Much of the relentless selling over that eight-day stretch can be attributed to certain investors’ deleveraging their portfolio. It is instructive to understand that leveraged investors were fleeing stocks not because they wanted to sell, but because they had to sell. Hedge funds and others who used borrowed money to boost their portfolios were receiving margin calls, and as their loans were called in, they had to sell stocks to pay them off.
Borrowing money to leverage up investment portfolios works wonders in bull markets, but it can put you out of business in a bear market. Just last year, Lehman Brothers earned $4 billion by investing $30 for every $1 it owned. Six months later, as the investments it owned sank in value, Lehman went bankrupt, unable to pay back the money it borrowed to juice its investment returns.

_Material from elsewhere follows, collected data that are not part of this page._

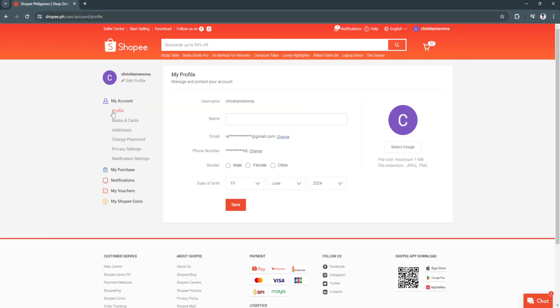From here in your profile settings, what you want to do is simply change your phone number. Shopify sometimes bans your account if you have an inactive phone number.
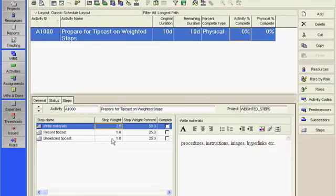To update weighted steps when you are statusing the project, you will simply mark the completed checkbox. For example, if I check the box to denote that the step Write Materials is complete,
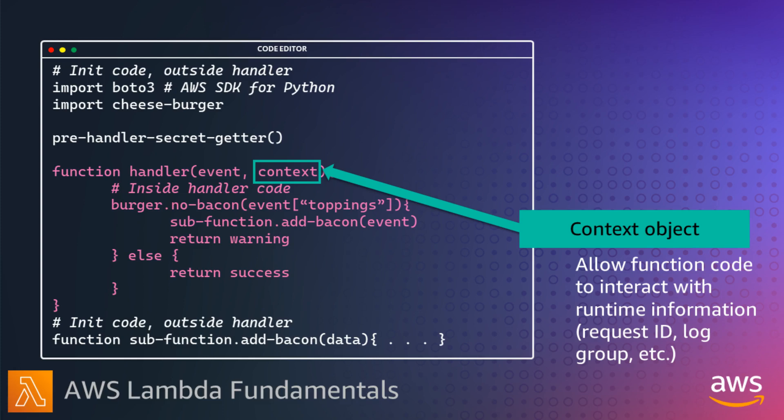When your function code finishes processing, it sends its response back to the Lambda service and is then available to process another invoke.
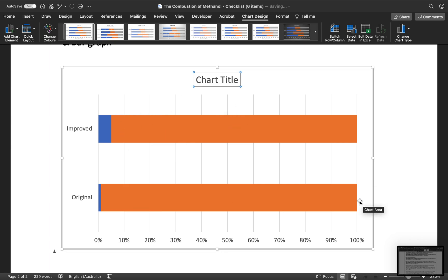You can see it goes up to 100%, and you can see your original and your improved bars. If you want them to swap around, you just need to change where the rows are sitting in your Excel spreadsheet, and then you'll have it.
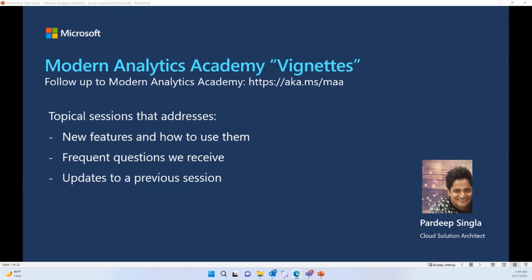Hello. Welcome to Modern Analytics Academy Vineyards. If you're not familiar with Modern Analytics Academy, please definitely visit aka.ms/maa. My name is Paradeep Singla. I'm a Cloud Solution Architect with Microsoft Global Partner Solution Team. The main motivation behind these sessions is to help our partners know about new features, how to use them, answer their frequently asked questions, and provide updates to previous sessions.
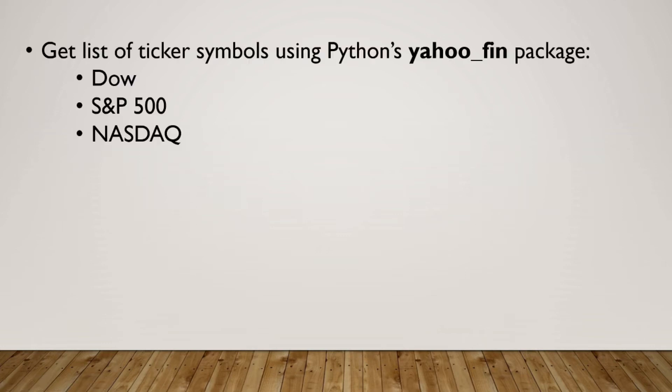In this video, we're going to be talking about how to use Python and the Yahoo Fin package to scrape a list of ticker symbols. For example, if you want to get a list of all the stock tickers that make up the Dow or the S&P 500 or the NASDAQ, we're going to learn how to do that.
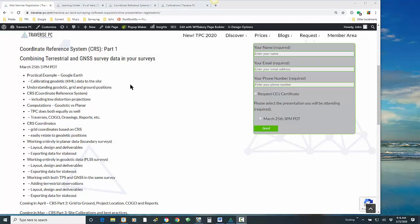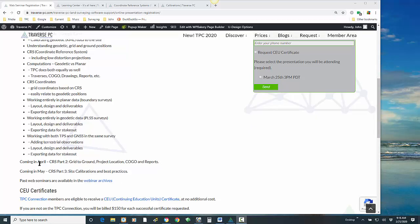Let's come back to our outline and get started. I mentioned I'm going to cast a pretty wide net today as we talk about coordinate reference systems and their components. We're really just going to introduce you to the pieces today. When you fill out your CEU request, tell us what you'd like to look at next. I've temporarily filled in some topics for April — Grid to Ground, Project Location, COGO and Reports — and then in May, calibrations and best practices as a follow-up to this.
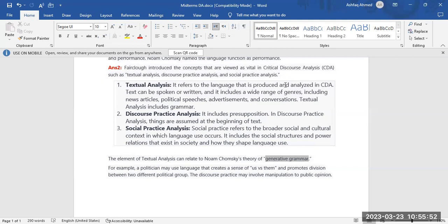Number three, social practice analysis. Social practice analysis refers to the broader social and cultural context in which language use occurs. It includes the social structures and power relations that exist in society and how they shape language use.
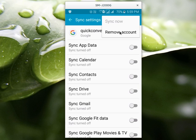This Gmail app does not provide a sign-out option. So if you want to sign out from Gmail, you have to remove your Gmail account from your Android phone.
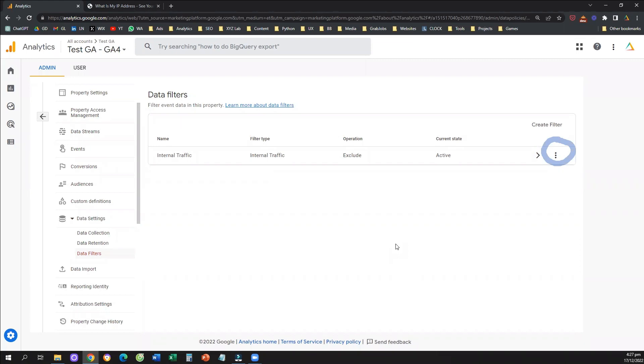That's it. I hope that you learned how to exclude internal traffic from your GA data streams. If you like this tutorial and you found value, please subscribe to our YouTube channel. Give us a like. It will really help us to create more tutorials. Have a great day, and see you in the next video.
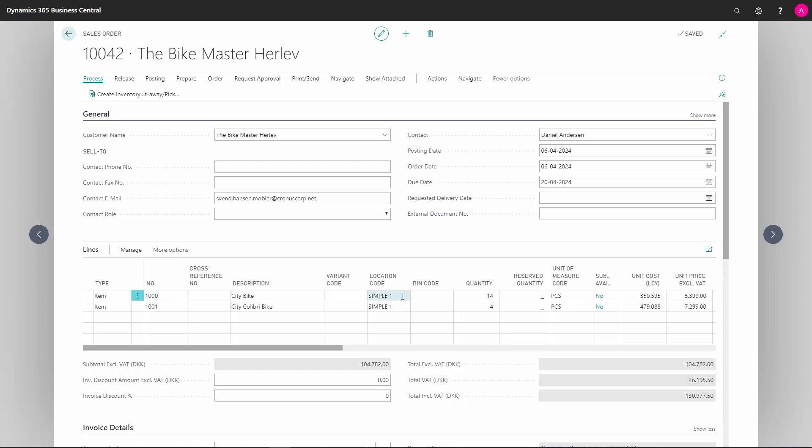Location code will automatically come from the location on the header, but we can change this if we need parts of the sales order to be shipped from another location.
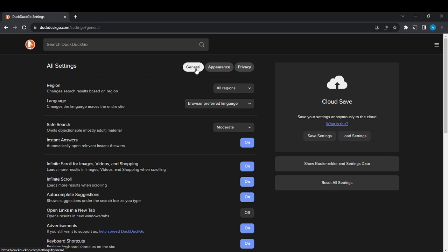Region is the first option at the top. Just beneath it, it says 'change search results based on region.' To change it, click on the dropdown menu beside it.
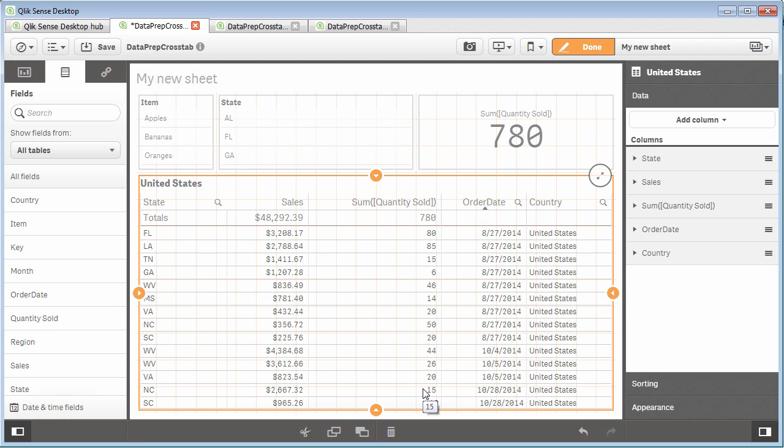So I hope that was helpful understanding how we could add additional dimensions and then include that aggregated column. What we're going to do next is I'll show you how to make that load script more efficient by loading the data once and then reusing that load data to create the structures that we just saw a moment ago. Thank you.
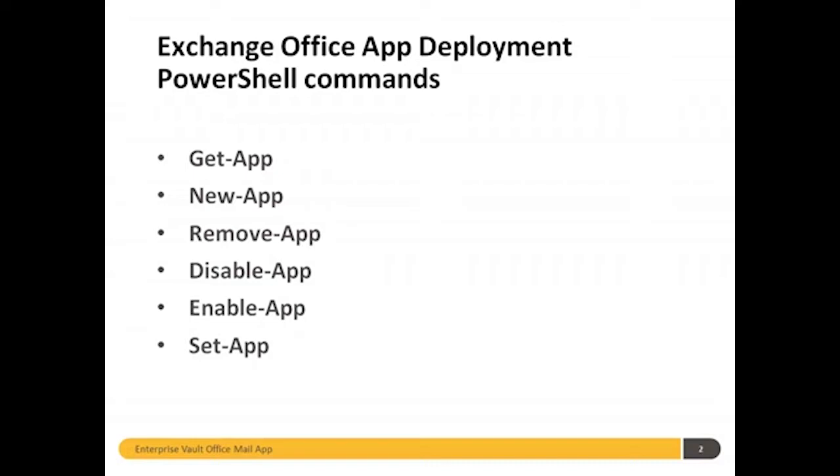Going into a full technical discussion around Office app deployment is beyond the scope of this video, but all you need to know is that in order for an app to be added and visible to an end user, a small XML manifest file has to be provisioned into a user's mailbox, and we use the new app command I mentioned previously to do that.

Also caught in the selling spiral were a number of high-profile CEOs who had borrowed money to acquire their company’s stock. The CEO of Chesapeake Energy, who has been an outspoken cheerleader of his firm’s long-term prospects, had accumulated a $2 billion stake in Chesapeake stock at its peak of $60 in July. The market plunge sent Chesapeake stock below $20, and triggered margin calls forcing him to sell his entire stake at prices as low as $15 per share. The point being, leveraged investors are forced out of stocks near their lows-the worst time to be selling stocks.
In the aftermath of all the various government “plans,” I am left with a single mental image burned into my consciousness of Hank Paulsen and Ben Bernanke: Neck veins straining, they’re ripping the kitchen sink from its foundation and throwing it on top of the shredded remains of our financial system.
While investors now may be reaching the conclusion that our financial system will survive, they are turning their attention to the next storm cloud on the horizon- the economy. How long and deep this recession will be is unknown, but the stock market is forecasting that it will be a rough one.